E non sono neanche andata a Fano a sentire le insolite note, che mi dispiace proprio tanto, ma non mancherà altra occasione.
Che dire, tre interi giorni senza telefono e computer.
Ragazzi, questa si che è vacanza. Anche se non eravamo venuti in vacanza.
E sulle piastrelle non ci siamo manco chiariti le idee, ma vuoi mettere, io e il capo, per la prima volta in Italia senza figli, praticamente due fidanzatini.
Le belve mi mancano, come no. Ho visto per la prima volta da quando è nato il figlio di mio cugino, un bambinone di otto anni, che mi sembra abbia qualcosa di Orso tra occhi e naso, e me lo sarei mangiato i bacetti, per compensare. Ho evitato, per non creargli il truma da zia pazza.
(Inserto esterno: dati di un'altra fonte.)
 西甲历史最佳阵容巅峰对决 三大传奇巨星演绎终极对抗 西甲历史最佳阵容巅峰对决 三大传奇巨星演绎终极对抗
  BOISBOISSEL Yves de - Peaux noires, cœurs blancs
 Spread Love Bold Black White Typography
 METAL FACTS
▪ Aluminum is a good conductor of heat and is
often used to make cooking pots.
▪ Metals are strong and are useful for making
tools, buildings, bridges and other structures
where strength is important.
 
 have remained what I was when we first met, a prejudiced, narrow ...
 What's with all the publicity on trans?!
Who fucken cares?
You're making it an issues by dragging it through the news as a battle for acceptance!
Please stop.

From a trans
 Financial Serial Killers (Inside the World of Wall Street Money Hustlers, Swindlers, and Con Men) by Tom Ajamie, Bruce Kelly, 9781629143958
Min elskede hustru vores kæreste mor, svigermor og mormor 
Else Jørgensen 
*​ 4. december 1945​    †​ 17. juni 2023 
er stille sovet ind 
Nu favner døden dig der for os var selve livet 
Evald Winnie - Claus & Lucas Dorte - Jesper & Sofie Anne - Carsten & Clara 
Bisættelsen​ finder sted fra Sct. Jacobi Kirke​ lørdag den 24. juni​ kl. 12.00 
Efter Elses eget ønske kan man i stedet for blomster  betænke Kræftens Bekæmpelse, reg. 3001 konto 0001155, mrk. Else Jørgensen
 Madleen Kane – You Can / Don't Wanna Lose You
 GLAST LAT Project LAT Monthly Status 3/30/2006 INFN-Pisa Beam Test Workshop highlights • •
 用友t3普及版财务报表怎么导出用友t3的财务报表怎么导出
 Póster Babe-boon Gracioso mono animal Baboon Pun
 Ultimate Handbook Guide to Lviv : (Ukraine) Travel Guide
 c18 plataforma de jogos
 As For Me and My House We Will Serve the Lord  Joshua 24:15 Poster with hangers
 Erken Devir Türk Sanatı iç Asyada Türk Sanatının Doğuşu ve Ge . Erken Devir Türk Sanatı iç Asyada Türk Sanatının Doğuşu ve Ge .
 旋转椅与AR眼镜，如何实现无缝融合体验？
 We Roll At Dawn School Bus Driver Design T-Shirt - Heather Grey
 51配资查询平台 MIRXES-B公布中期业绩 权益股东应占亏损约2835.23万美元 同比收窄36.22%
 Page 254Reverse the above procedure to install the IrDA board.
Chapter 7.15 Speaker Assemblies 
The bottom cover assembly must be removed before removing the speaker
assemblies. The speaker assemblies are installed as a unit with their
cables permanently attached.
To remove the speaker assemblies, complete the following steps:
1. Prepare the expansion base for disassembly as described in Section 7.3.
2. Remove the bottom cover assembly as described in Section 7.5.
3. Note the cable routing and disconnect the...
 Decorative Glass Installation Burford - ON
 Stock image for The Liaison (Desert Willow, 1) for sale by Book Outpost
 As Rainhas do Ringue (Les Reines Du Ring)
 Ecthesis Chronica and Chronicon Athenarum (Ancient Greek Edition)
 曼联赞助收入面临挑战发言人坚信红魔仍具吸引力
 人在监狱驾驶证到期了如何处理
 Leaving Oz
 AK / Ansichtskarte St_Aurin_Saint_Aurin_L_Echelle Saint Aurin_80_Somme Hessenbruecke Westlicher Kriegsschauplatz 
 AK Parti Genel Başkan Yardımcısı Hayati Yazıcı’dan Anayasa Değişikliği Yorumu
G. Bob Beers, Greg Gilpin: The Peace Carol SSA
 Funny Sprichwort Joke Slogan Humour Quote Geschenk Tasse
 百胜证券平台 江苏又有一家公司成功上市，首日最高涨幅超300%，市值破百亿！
Che già li vedo poco questi nipotozzi.
Ho ricevuto due non-inviti a fare da madrina di cresima a mia nipote (si, quella che non parla con nessuno, però si cresima) e da testimone all'altra mia coppia di amici contraria al matrimonio ma che è costretta a sposarsi per i soliti motivi pratici di chi vuole condividere la quotidianità, il possesso di una casa e un cane, e forse il desiderio di riprodursi. Non me lo hanno chiesto che sanno come sto messa nei prossimi mesi.
Mi fa piacere. Però mi dispiace. Ecco, se qualcuno si chiede cosa voglia dire andare a vivere fuori, sono anche queste rinunce affettive. Oltre all'uso saltuario di SIM con cui non sei davvero in intimità, e che te ne fanno di tutti i colori.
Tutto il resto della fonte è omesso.